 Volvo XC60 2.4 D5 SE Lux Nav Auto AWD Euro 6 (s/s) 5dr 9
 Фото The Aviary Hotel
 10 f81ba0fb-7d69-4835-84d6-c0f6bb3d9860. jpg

··········

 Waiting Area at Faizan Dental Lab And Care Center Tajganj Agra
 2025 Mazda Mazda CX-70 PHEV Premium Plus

··········

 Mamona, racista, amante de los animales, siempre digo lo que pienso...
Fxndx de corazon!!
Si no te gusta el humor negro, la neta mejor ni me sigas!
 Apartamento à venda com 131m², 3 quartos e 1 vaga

··········

▶ [Task brief] Above are some records; copy exactly the lines from the one with "Mamona, racista, amante" through the one with "Apartamento à venda", both included, and no others.

▶ [Worked solution]
 Mamona, racista, amante de los animales, siempre digo lo que pienso...
Fxndx de corazon!!
Si no te gusta el humor negro, la neta mejor ni me sigas!
 Apartamento à venda com 131m², 3 quartos e 1 vaga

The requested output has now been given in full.